Contributor

William C. Chittick, Ph.D.

Professor of Religious Studies, State University of New York, Stony Brook

William C. Chittick is professor of Religious Studies in the Department of Asian and Asian American Studies at the State University of New York, Stony Brook.

Born and raised in Connecticut, he finished his B.A. at the College of Wooster in 1966. He then studied Persian for a summer at the University of Texas and went to Iran. After receiving his Ph.D. in Persian literature at Tehran University in 1973, he taught comparative religion at a technical university in Tehran and continued to study Islamic thought at the Iranian Academy of Philosophy. He left Iran just before the revolution, served for a time as an editor with the Encyclopedia Iranica at Columbia University, and along with his wife, Sachiko Murata, joined the Religious Studies faculty at Stony Brook in 1983.

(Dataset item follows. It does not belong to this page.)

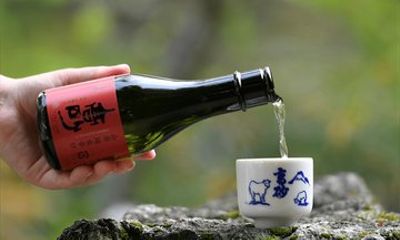 Fujinomiya: Fuji Takasago Sake Brewery Tour & Tasting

He has lectured around the world and published 30 books and numerous articles on Islamic intellectual history, concentrating on the interface between Sufism and philosophy. His books include The Sufi Path of Love (SUNY, 1983), The Sufi Path of Knowledge (SUNY, 1989), The Heart of Islamic Philosophy (Oxford, 2001), Ibn Arabi: Heir to the Prophets (Oneworld, 2005), Science of the Cosmos, Science of the Soul (Oneworld, 2007), and, with Sachiko Murata, The Vision of Islam (Paragon, 1994). For the past ten years, he has worked along with Murata and Tu Weiming investigating the uniquely Chinese form of Islamic philosophy that flourished among the Huiru, the “Muslim Confucians.” The latest result of their research is The Sage Learning of Liu Zhi: Islamic Thought in Confucian Terms (Harvard, 2009).